A quarter century too late to make him rich or famous, Murray Lerner's Message to Love: The Isle of Wight Festival 1970, at the Film Forum, joins three earlier documentaries of the '60s in viewing that vast, vague decade and concept through the metaphor of the rock festival: D.A. Pennebaker's Monterey Pop, Michael Wadleigh's Woodstock, and the Maysles Brothers and Charlotte Zwerin's Gimme Shelter. As with Woodstock--but not Monterey Pop, which as the most utopian of these films had damn well better make good on the pleasures it promises, or Gimme Shelter, powered by a band that has always made antiutopian pleasure its specialty--the music that's supposed to sell the flick isn't so hot. Instead, like all the others, Message to Love is carried by an argument that's both persuasive and partial, a nod to entertainment value that's truer to the moment it hit the theatres than the occasion it represents.

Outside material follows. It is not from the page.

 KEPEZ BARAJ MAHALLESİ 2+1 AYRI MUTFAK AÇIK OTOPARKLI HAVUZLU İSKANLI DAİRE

In Monterey Pop, the music and its 50,000 or 90,000 celebrants are like a wonderful secret--wonderful because even though everyone knows about it, it still delivers the thrill of discovery. Unveiled in 1968, Pennebaker's vision of the 1967 event was instrumental in convincing potential organizers and participants that music was the healthiest way to crystallize the energy of a counterculture that by then seemed both blessedly inevitable and dangerously embattled. Poof, Woodstock--only before Wadleigh's edit was off the table there was also the anti-Woodstock, Altamont. One reason Woodstock is wryer than Monterey Pop is that the counterculture constituency was no longer gullible enough to buy its own peace-and-love bullshit uncut--by 1970, the myth of the '60s had taken on a layer of the protective irony that had long proven useful shtick for Zen gurus and Yippie troublemakers alike. Now as then, the film is a better advertisement for the fans than for the music that brought them together, most engaging when it focuses on its chosen cross-section of Woodstock Nation's 300,000 or 500,000 fools--sometimes wise or sainted, always self-righteous/self-deluded/self-whatever. But it was too hip and funny to be accused of spreading the false rumor that any such gathering could last longer than a found weekend.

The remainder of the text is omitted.